# Data shown:
╔══

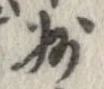 州の位置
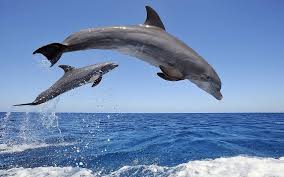 Bottlenose Dolphin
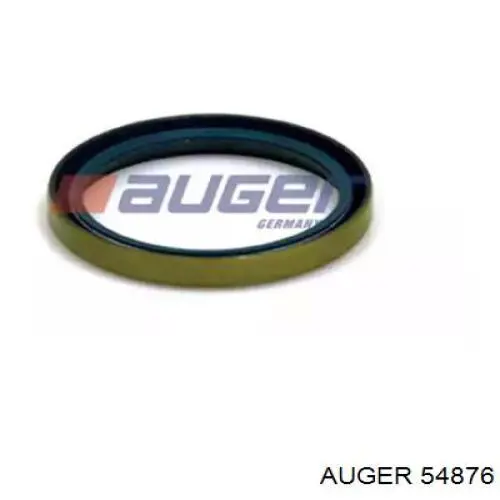  54876 Auger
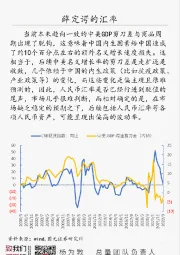 国元总量每日一图：薛定谔的汇率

╚══

# Required work:
None of the pictures should appear; copy the rest of the material above exactly.

# Exercise output:
 州の位置
 Bottlenose Dolphin
  54876 Auger
 国元总量每日一图：薛定谔的汇率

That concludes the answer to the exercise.